<<<<

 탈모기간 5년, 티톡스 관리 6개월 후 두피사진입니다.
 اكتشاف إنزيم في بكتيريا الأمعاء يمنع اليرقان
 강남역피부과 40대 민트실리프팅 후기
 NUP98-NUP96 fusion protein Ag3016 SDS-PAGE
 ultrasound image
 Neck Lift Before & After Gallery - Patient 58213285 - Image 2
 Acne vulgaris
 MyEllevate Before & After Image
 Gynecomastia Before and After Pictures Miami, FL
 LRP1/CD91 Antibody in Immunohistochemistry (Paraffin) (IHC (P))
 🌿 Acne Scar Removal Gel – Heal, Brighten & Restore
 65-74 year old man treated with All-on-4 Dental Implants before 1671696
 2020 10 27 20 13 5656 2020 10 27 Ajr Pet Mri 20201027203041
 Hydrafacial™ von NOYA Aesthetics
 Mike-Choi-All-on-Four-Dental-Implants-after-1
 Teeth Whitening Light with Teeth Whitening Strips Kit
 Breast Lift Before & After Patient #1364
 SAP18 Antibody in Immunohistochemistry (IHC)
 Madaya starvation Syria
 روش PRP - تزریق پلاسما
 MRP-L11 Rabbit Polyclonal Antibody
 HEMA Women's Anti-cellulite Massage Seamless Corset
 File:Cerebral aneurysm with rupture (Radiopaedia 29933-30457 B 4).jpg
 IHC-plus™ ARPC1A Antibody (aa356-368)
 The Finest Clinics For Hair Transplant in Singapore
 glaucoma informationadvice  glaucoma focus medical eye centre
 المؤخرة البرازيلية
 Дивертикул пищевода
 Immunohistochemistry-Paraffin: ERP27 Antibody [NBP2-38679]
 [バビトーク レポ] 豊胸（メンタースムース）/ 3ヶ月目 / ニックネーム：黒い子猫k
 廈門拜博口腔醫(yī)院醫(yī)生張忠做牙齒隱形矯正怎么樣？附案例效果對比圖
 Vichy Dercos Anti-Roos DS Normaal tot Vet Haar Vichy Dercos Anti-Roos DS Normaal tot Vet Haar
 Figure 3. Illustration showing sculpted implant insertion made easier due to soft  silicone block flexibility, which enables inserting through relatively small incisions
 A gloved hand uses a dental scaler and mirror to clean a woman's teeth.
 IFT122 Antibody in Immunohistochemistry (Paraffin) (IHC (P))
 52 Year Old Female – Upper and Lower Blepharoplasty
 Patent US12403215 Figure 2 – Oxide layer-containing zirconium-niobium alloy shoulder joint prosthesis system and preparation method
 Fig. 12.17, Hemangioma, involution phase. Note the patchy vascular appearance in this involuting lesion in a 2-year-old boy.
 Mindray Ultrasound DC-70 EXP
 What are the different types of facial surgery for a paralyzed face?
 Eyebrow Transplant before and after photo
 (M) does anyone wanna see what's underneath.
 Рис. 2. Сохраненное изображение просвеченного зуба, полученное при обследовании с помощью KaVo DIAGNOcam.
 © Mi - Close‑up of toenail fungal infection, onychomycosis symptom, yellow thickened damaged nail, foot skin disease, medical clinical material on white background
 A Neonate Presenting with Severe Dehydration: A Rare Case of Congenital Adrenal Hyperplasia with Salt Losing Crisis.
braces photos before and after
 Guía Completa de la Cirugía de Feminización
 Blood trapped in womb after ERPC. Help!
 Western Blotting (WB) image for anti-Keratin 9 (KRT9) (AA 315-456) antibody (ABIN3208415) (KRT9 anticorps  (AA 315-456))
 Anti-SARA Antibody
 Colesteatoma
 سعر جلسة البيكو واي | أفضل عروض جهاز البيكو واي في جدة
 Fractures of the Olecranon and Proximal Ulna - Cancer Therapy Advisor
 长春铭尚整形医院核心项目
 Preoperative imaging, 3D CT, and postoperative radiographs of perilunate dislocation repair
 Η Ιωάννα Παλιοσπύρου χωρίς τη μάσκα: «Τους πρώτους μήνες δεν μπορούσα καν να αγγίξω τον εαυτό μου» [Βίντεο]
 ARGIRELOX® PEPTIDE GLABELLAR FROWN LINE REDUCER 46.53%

>>>>

→ **HOW TO COMPLETE THIS TASK**:
From the listing above, repeat exactly the lines starting at the line that includes "Gynecomastia Before and" and ending at the line that includes "65-74 year old", with nothing outside that span.

→ **EXERCISE ANSWER**:
 Gynecomastia Before and After Pictures Miami, FL
 LRP1/CD91 Antibody in Immunohistochemistry (Paraffin) (IHC (P))
 🌿 Acne Scar Removal Gel – Heal, Brighten & Restore
 65-74 year old man treated with All-on-4 Dental Implants before 1671696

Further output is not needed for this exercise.